Obras por todo o lado
O ano de 2016 ficou marcado por obras que se espalharam um pouco por toda a cidade. Tornou-se difícil percorrer a cidade sem encontrar ruas cortadas, sentidos proibidos, indicações de novos desvios. Obras poderia ter até sido a palavra escolhida para caracterizar a capital portuguesa no decorrer do ano passado. Tudo para cumprir a promessa de ter mais estacionamento, mais ciclovias e mais espaços verdes. Um dos anúncios feitos foi o arranque das obras da nova Feira Popular. O novo espaço, em Carnide, conta com um parque urbano de 20 hectares e o orçamento apostado, no ano passado, referia 11,5 milhões gastos na compra de parte do terreno.
Outra novidade foram as obras no chamado Eixo Central (ver texto do lado) cujo orçamento apontava para 7,5 milhões de euros. O projeto previa o alargamento dos passeios, a criação de ciclovias e de zonas verdes.
Entre outros projetos que foram postos em marcha estava ainda o do Campo das Cebolas.
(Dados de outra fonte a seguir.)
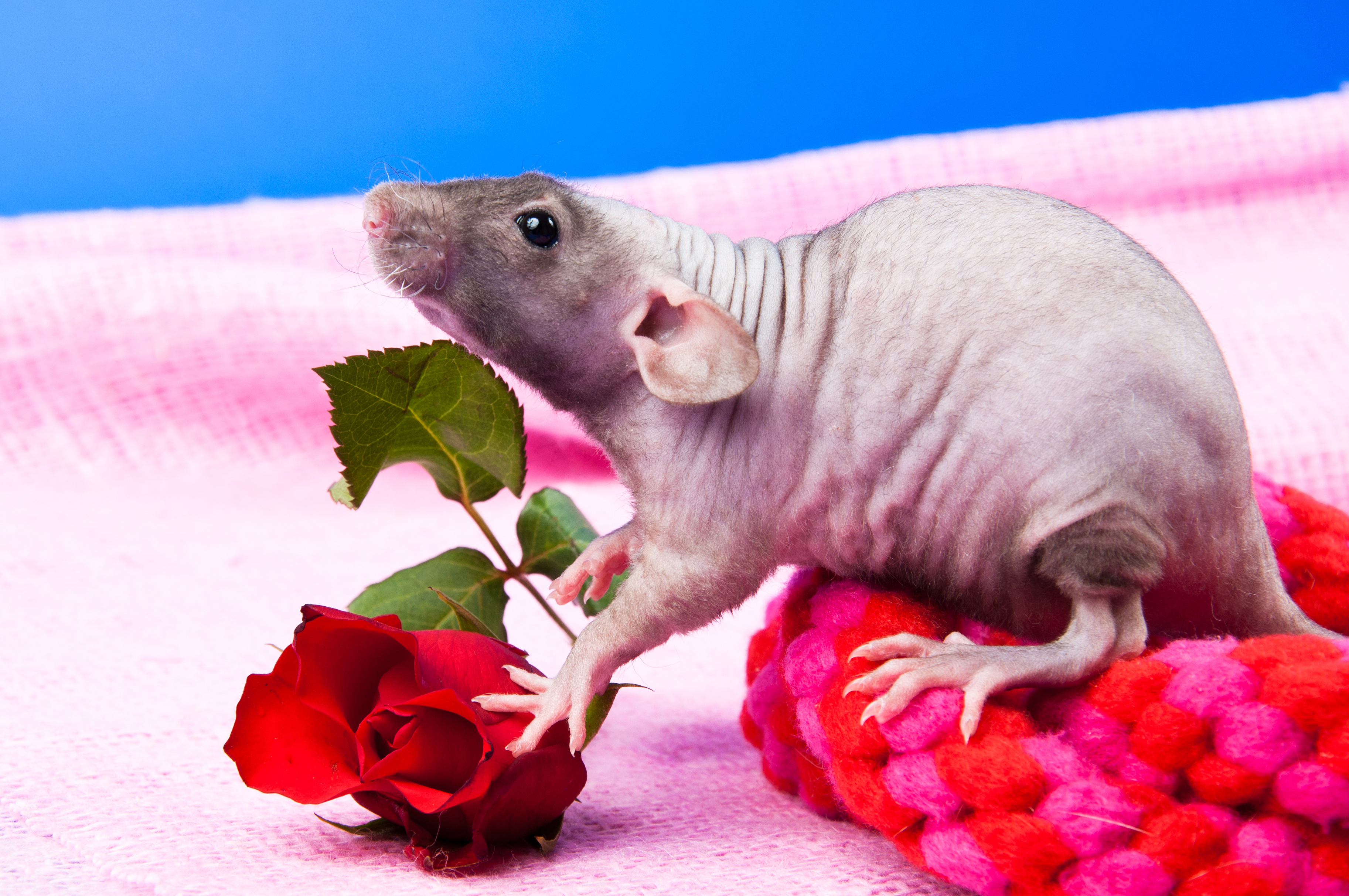 ratto dubbo hairless ratto dubbo hairless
Falamos de um orçamento de 12 milhões para uma praça arborizada e um parque para crianças. O projeto previa ainda um parque de estacionamento subterrâneo para mais de 200 veículos.
Também o Cais do Sodré esteve na mira das mudanças que foram imaginadas para Lisboa. A ideia foi conseguir transformar a zona num espaço mais verde, onde os transeuntes conseguissem avistar o rio Tejo, assim que se iniciasse a descida do Chiado. O orçamento era de 6 milhões.